I always thought that Peter sounded like he didn’t even know what he was saying. If you asked him later, he’d scoff at the idea of putting up a tent for the Lord. His brain was simply overloaded, and he reverted to a kind of babble, because he didn’t have the words to express his intense joy at being present for something infinitely good, infinitely true, infinitely beautiful in the person of the transfigured Christ. He may have missed the mark in how he expressed himself, but what he was experiencing was right on: This. This is what I want. I want Him with me forever.

And here is a distinction that we are all called to make in our lives as we reconnoiter in our fallen world, trying to survive, sussing out our mission on this planet, encountering pleasures, and learning which to take, and how much is enough but not too much. We must learn to make the distinction between the goods which can help us come closer to God, and the Goods which are the actual presence of God.

All licit pleasures can lead us to God. All licit pleasures can prepare us to enjoy the eternal presence of God. That is what pleasure is for: to teach us, to form us, to remind us of what we once knew before our forefather Adam brought darkness and distance and forgetfulness between us and our creator.
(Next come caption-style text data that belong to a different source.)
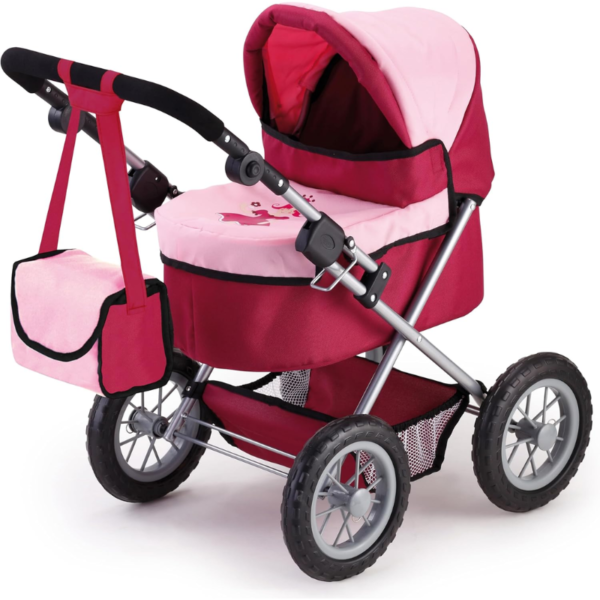 Coche Plegable Para Muñecas Reborn Con Bolso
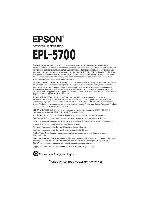 User manual Epson EPL-5700 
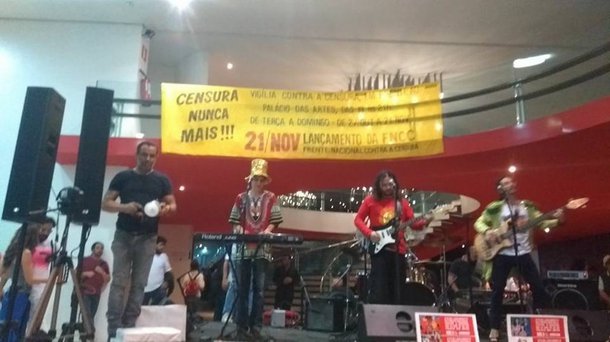 Entidades culturais lançaram nesta terça-feira a Frente Nacional Contra a Censura, em evento no Palácio das Artes, em Belo Horizonte; segundo os organizadores, o movimento foi criado após seguidas ameaças de censura às exposições de arte e espetáculos teatrais sob acusações de incentivo à pedofilia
It is perverse to try to prolong pleasure past its purpose. It is profound to try to submerge ourselves in the source of all pleasure.

In the Gospel reading, no one answers Peter as he babbles in throes of a spiritual ecstasy. Instead, a voice comes from a cloud saying, “This is my beloved Son, with whom I am well pleased; listen to him.”

We can’t stay with Him now. We can’t lose ourselves in an endless well of joy. We can’t make Jesus set up camp with us in our cramped little world; and we certainly can’t find him by chasing after the things which are only intended to point to the joy of heaven.

But we can listen to Him. Over and over again, I hear God calling me to listen to Him — to read the scripture, to return to the Psalms, to both form and satisfy my desires by immersing myself in His word. Thanks be to God for giving us a thirst for Him, and thanks be to Him for quenching it.